**Work to complete:** After locating the line with "Aloha Hawaiian Flowers" below, output it and each following line exactly, stopping after the line with "Olympus Pearlcorder S912". No pictures.

**Material for this task:**
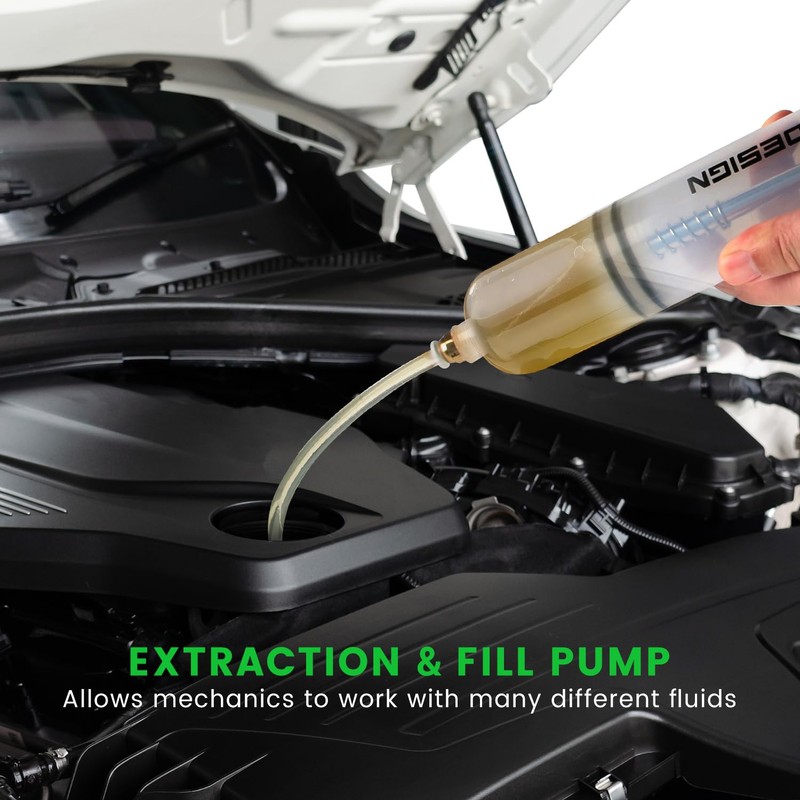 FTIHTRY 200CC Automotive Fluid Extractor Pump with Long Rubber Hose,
* * *
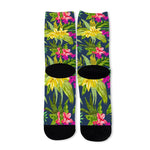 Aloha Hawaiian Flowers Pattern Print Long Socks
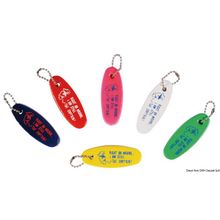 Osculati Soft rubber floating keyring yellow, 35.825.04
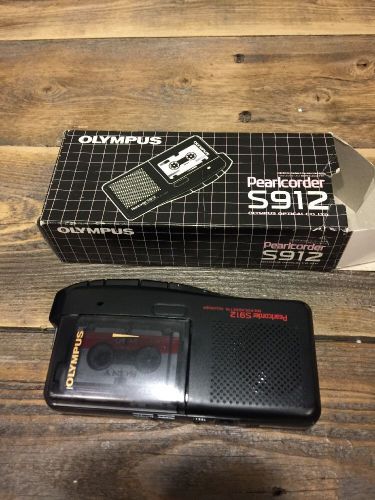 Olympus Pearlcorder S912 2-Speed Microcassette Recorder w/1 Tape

**Written answer:**
 Aloha Hawaiian Flowers Pattern Print Long Socks
 Osculati Soft rubber floating keyring yellow, 35.825.04
 Olympus Pearlcorder S912 2-Speed Microcassette Recorder w/1 Tape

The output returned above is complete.